Grondwaterstandindicator maart 2015
Info
datum rapport: 14-04-2015
referentiedatum: 10-04-2015
aantal meetplaatsen gebruikt: 158
Wil je meer informatie over hoe de grondwaterstandindicator, de kaarten en figuren op deze pagina zijn opgesteld? Neem dan zeker een kijkje op de pagina 'Opbouw grondwaterstandindicator'.

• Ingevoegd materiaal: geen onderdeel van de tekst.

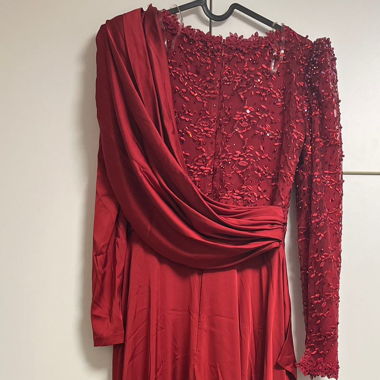 Elegantes Abendkleid, Gr. 38, weinrot
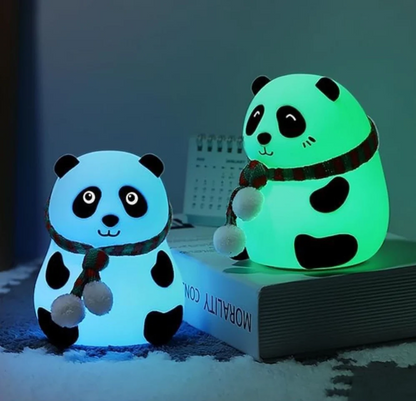 Cute Silicone Panda Night Lamp – Soft Touch Rechargeable LED Light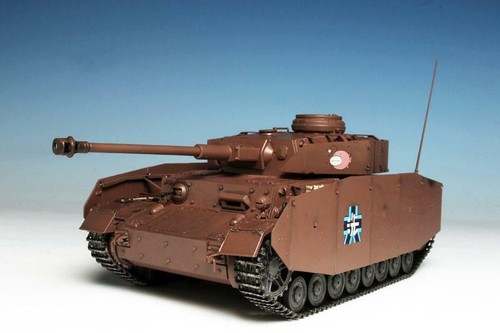 Girls Und Panzer Panzer IV Ausf.D H-TYPE 1/35 Anko Team Model Kit Plaz GP-20 - Picture 9 of 10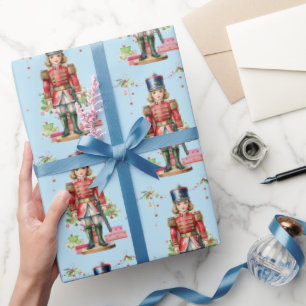 Toy Soldier Christmas Tree Wrapping Paper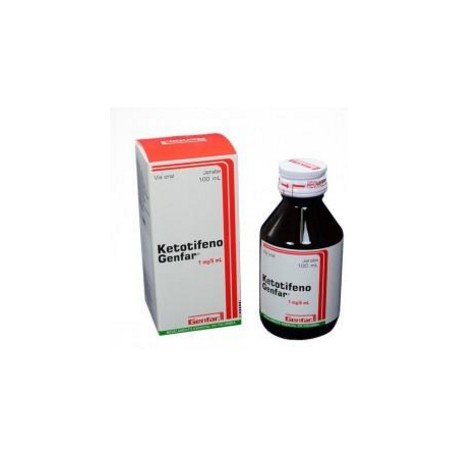 Ketotifeno 1mg/5mg (FARMATOLIMA) Frasco*100 mL Jarabe_Genfar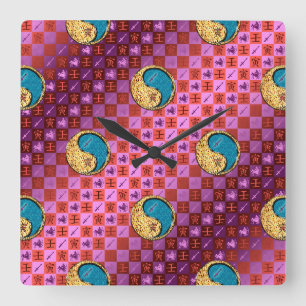 Sagittarius & Water Tiger Square Wall Clock
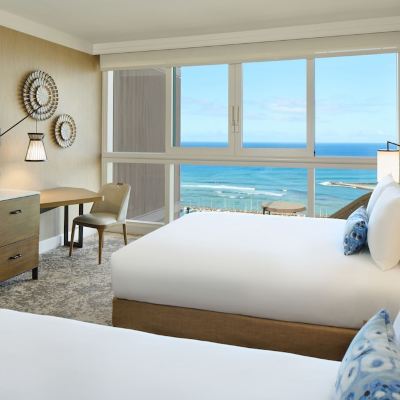 Oceanfront Room with Two Queen Beds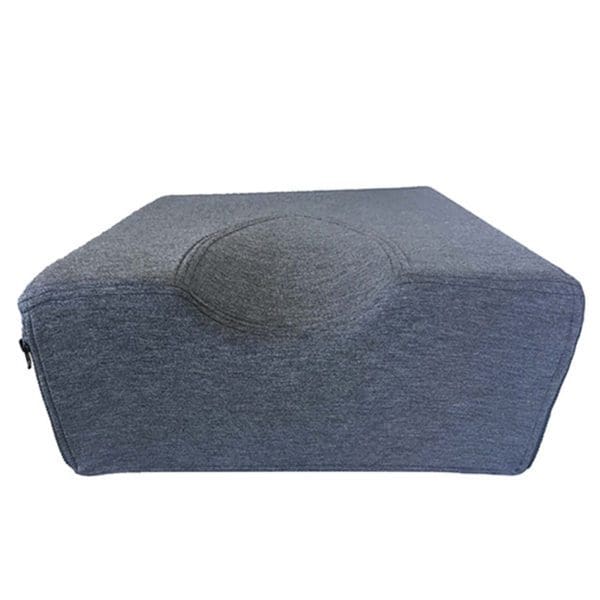 Cotton Case for Gyrotonic firm cushion, grey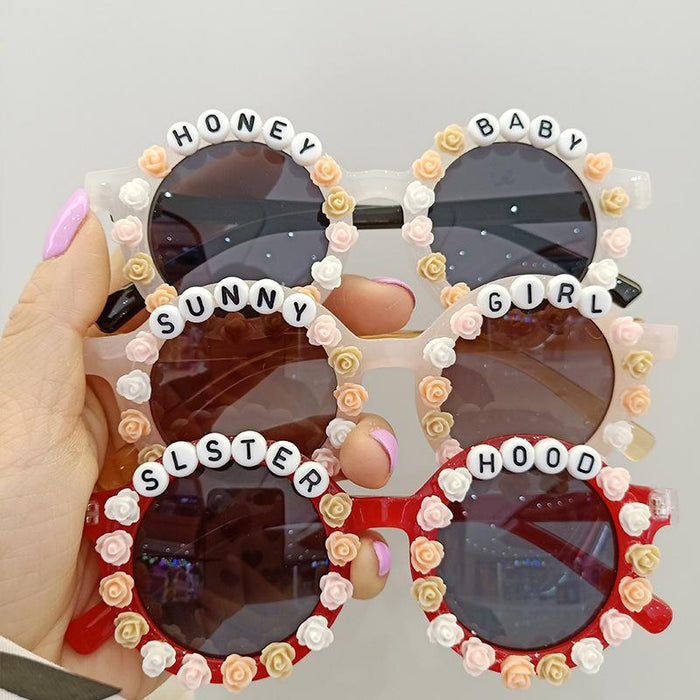 Personalized Fashion UV Proof Letter Children's Sunglasses
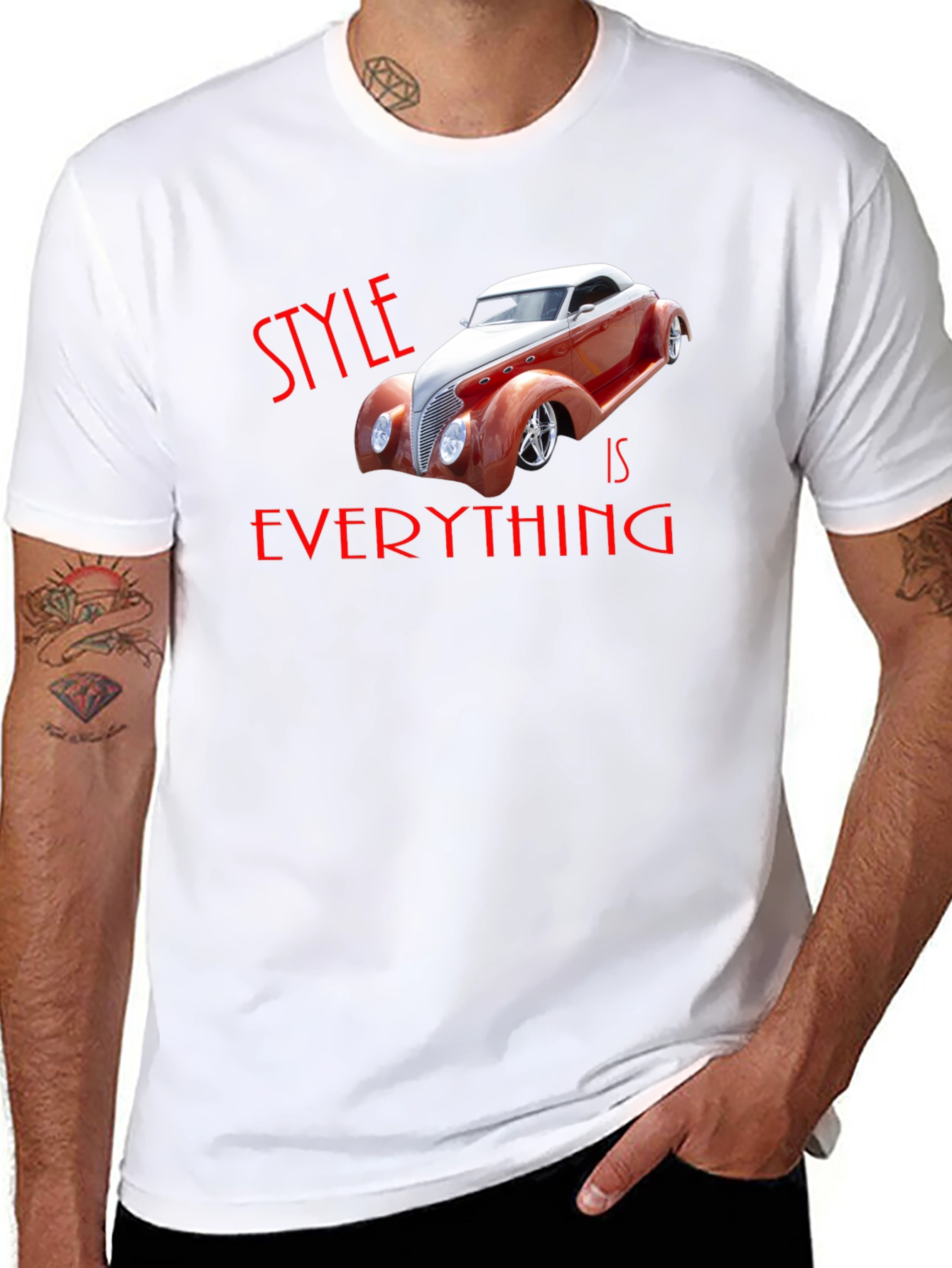 Camiseta Negra Style is Everything Coche Clásico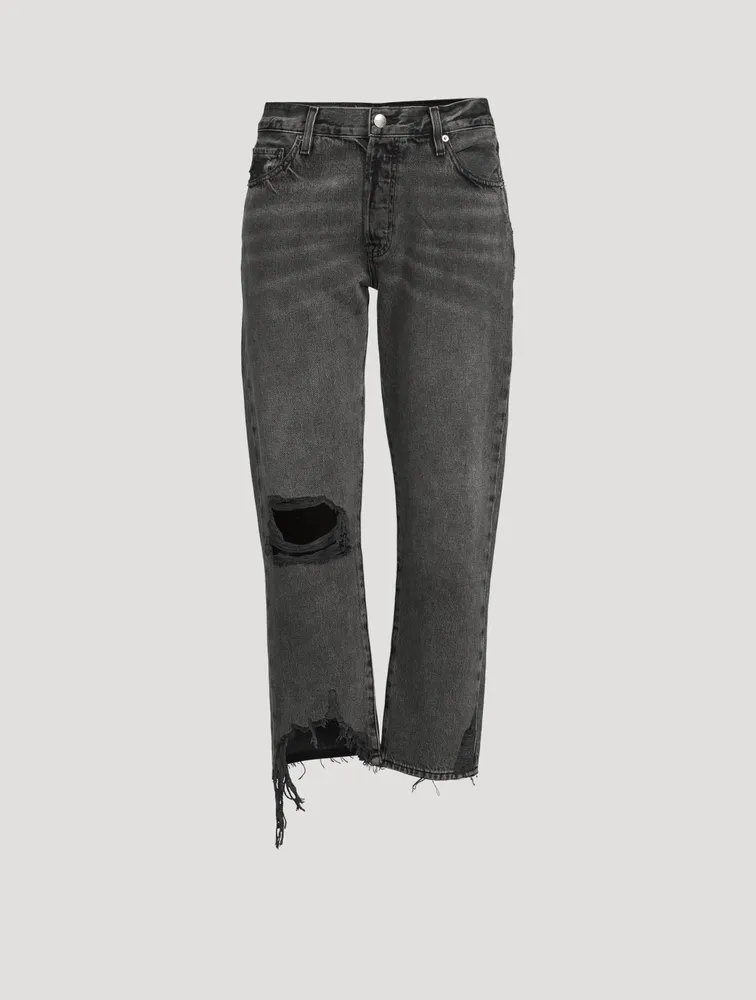 Le Slouch Crop Released Jeans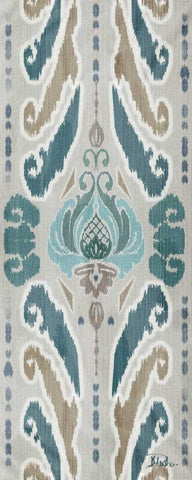 A Touch of Flourish I White Modern Wood Framed Art Print with Double Matting by Pinto, Patricia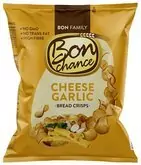 Bon Chance Chlebové chipsy s česnekem a sýrem 60 g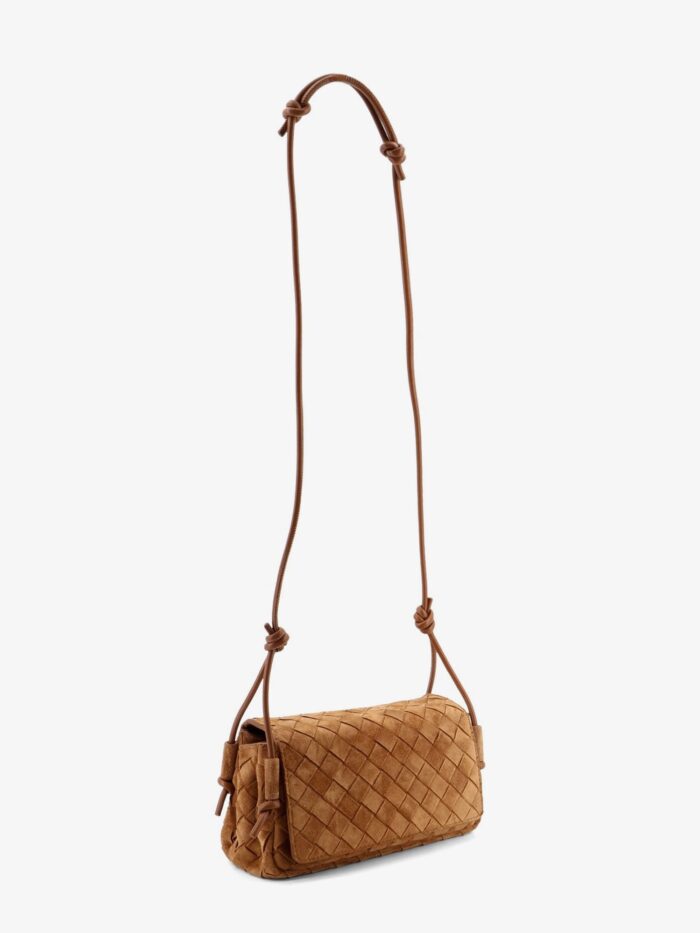 Bottega Veneta Notturno Suede Pouch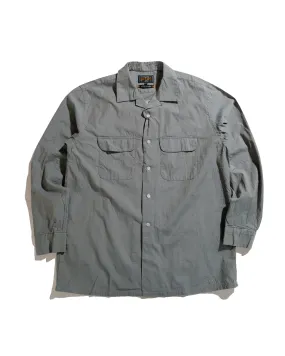 Odor Control Fabric Tailored Cut Beams Plus Open Collar Slab Chambray Sage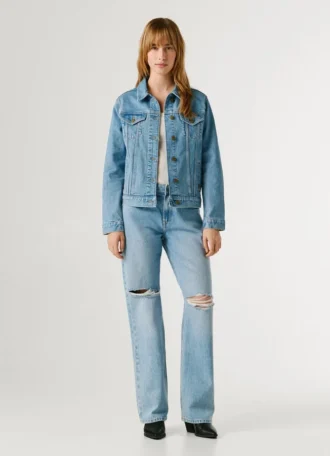 Jeansjacka med normal passform Jeansjacka med normal passform
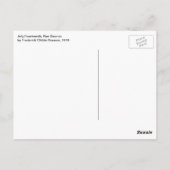 7月14日Rue Daunou By Childe Hassam ポストカード (裏面)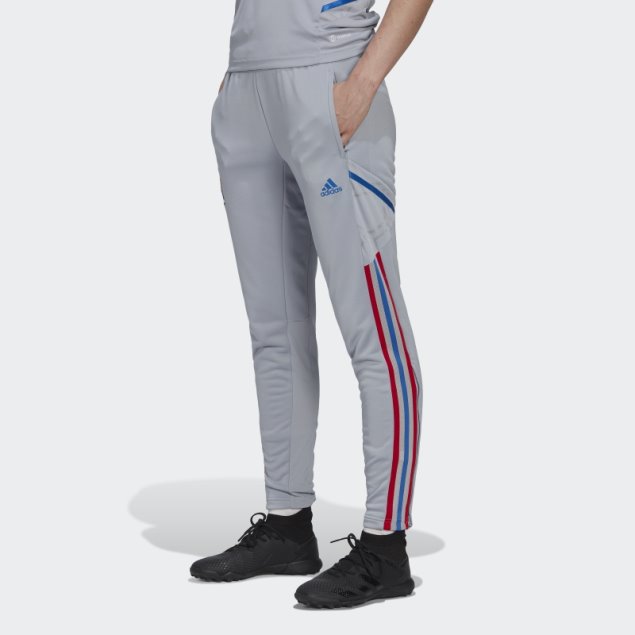 Adidas Olympique Lyonnais Tiro 21 Pantalón De Chándal De Entrenamiento Plateado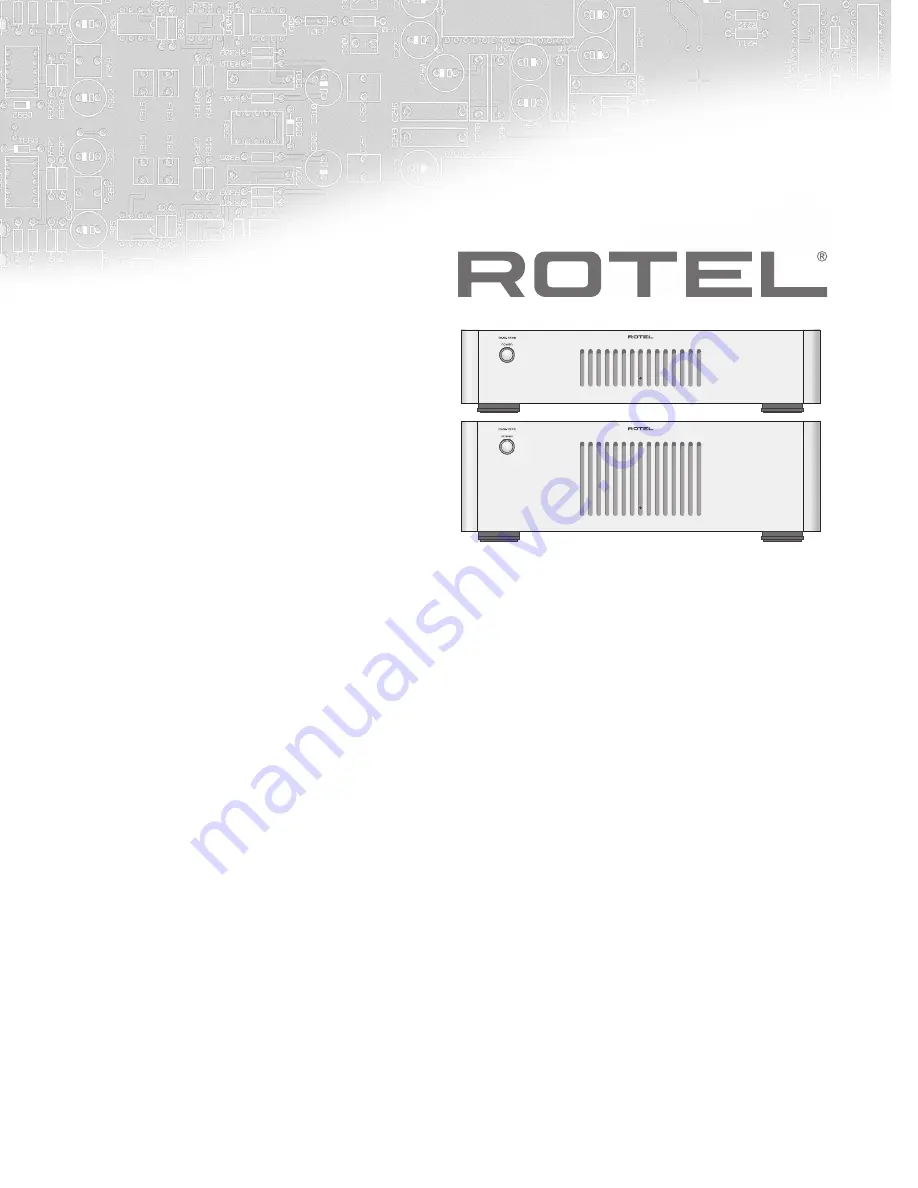 Rotel Five Channel Power Amplifier RMB-1565 Owner'S Manual Download Page 1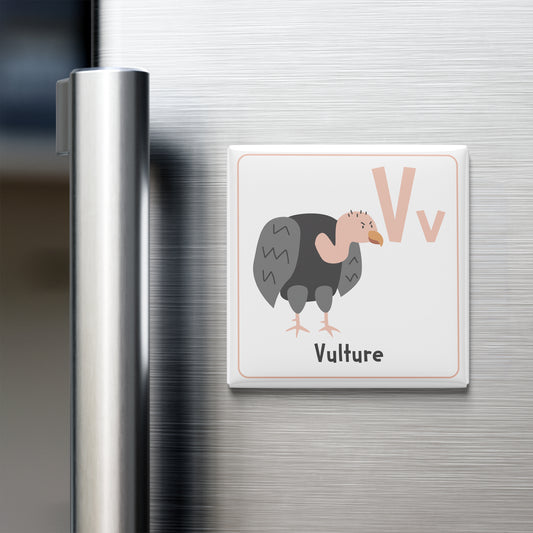 ANIMAL ALPHABET MAGNET – V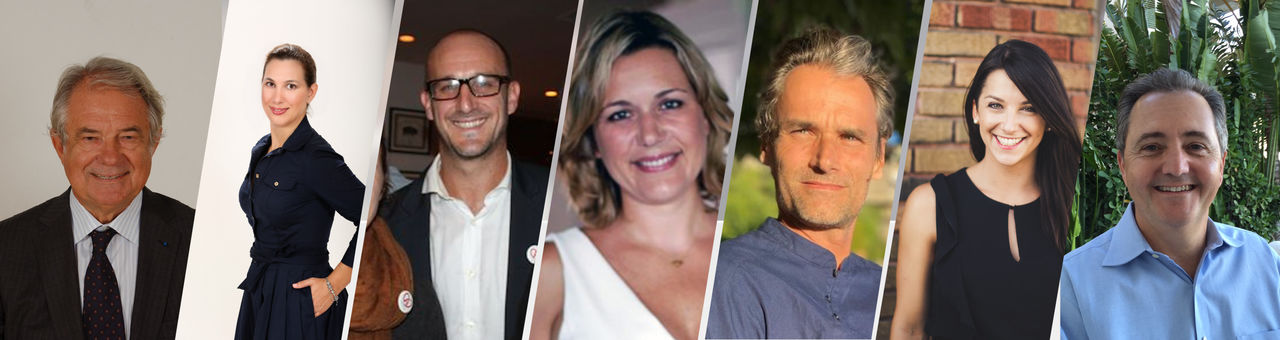 Jacques Brion, Aline Martin O’Brien, David Ruiz, Séverine Gianese-Pittman, Nicolas Guillant, Jordane Ruiz, Jean-Paul Barre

Relatieve vergelijking: wat is de toestand voor de tijd van het jaar?
De meeste meetplaatsen hadden tussen 10 maart en 10 april een grondwaterstand die normaal is voor de tijd van het jaar. De nattere periode aan het einde van de maand maart zorgde voor een relatief beperkte (ongeveer 20%) toename van het aantal meetplaatsen met relatief hoge of zeer hoge grondwaterstanden, ten koste van het aantal plaatsen met grondwaterstanden die laag of zeer laag zijn voor de tijd van het jaar. Begin april is de trend omgekeerd en zien we een beperkte afname van het aantal meetplaatsen met een relatief hoge of zeer hoge grondwaterstand.
Figuur 1: Relatieve toestand van de grondwaterstand: % van de meetplaatsen met een zeer lage, lage, normale, hoge of zeer hoge grondwaterstand
Absolute vergelijking: staat het grondwater historisch hoog of laag?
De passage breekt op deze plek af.